This is for licensed plumbers, if your not a plumber then you need to move on. Sorry but this is what this site is about.


----------



## anysewer (Jul 27, 2009)

*splash*



ROCKSTARPLUMBER said:


> :laughing:


Nice splash! good work... 
do you also do graphic designing?


----------



## anysewer (Jul 27, 2009)

*site membership*



Ron The Plumber said:


> This is for licensed plumbers, if your not a plumber then you need to move on. Sorry but this is what this site is about.


I hear ya but

"3. TERMS OF MEMBERSHIP & USAGE RESTRICTIONS

Site Membership

a) Membership is available to any person over the age of 13 who registers and accurately provides all the required information, provides a legitimate electronic mail address and obtains a unique Plumbing Zone member name and password. Membership is non-transferable. The use of web-based email accounts may be denied due to abuse."

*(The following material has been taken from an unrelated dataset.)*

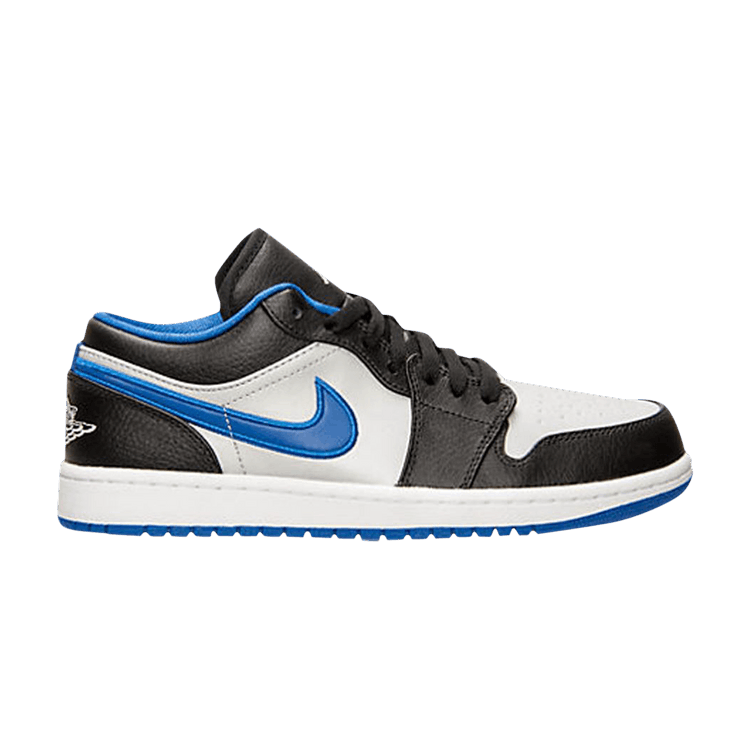 Air jordan 1 low black game royal clearance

and I am sure there is not a single 13 year old plumber.


----------



## Ron (Jun 12, 2008)

I guess you failed to read the registration requirments when you signed up, let me refreash your memory. Sewer Cleaning is far from a plumber, when you get your plumbing license you will be welcomed on here.

So please move on. Thanks for your interest in our site.


----------



## ROCKSTARPLUMBER (Dec 14, 2008)

You are not a plumber dude. You are a cheap skate hack, that is ruining this business for the rest of us, that actually give a damn more about this trade then how to make a quick buck with a machine and some cables. 
Theres a video of you on here some where, ill post when i find it. 
You think most the guys on here appreciate your cheap prices? Your proud of that? Base pay for your employees has to be extremely low for you to advertise a price like that. And a low paid employee is a lazy employee. 
Please excuse my 2 cents in the matter drain man. Im actually a state certified master plumber, who gives a damn about this business, paid my dues, and does it the right way. how bought you?


----------



## ILPlumber (Jun 17, 2008)

Don't sit on the edges of your chairs awaiting his reply. pitter patter.....


----------



## ROCKSTARPLUMBER (Dec 14, 2008)

Okie Doakie.


----------



## Nathan (Jun 11, 2008)

anysewer said:


> Site Membership
> 
> a) Membership is available to any person over the age of 13 who registers and accurately provides all the required information, provides a legitimate electronic mail address and obtains a unique Plumbing Zone member name and password. Membership is non-transferable. The use of web-based email accounts may be denied due to abuse."
> 
> and I am sure there is not a single 13 year old plumber.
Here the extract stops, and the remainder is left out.